### What to work on
What you return must match the records exactly, with every line included.

### Entries shown
········

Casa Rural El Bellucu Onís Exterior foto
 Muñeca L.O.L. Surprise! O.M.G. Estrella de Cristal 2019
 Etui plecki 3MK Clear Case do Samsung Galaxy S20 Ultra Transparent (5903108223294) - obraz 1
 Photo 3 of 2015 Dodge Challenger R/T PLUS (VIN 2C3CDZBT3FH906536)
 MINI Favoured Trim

········

### Result below
Casa Rural El Bellucu Onís Exterior foto
 Muñeca L.O.L. Surprise! O.M.G. Estrella de Cristal 2019
 Etui plecki 3MK Clear Case do Samsung Galaxy S20 Ultra Transparent (5903108223294) - obraz 1
 Photo 3 of 2015 Dodge Challenger R/T PLUS (VIN 2C3CDZBT3FH906536)
 MINI Favoured Trim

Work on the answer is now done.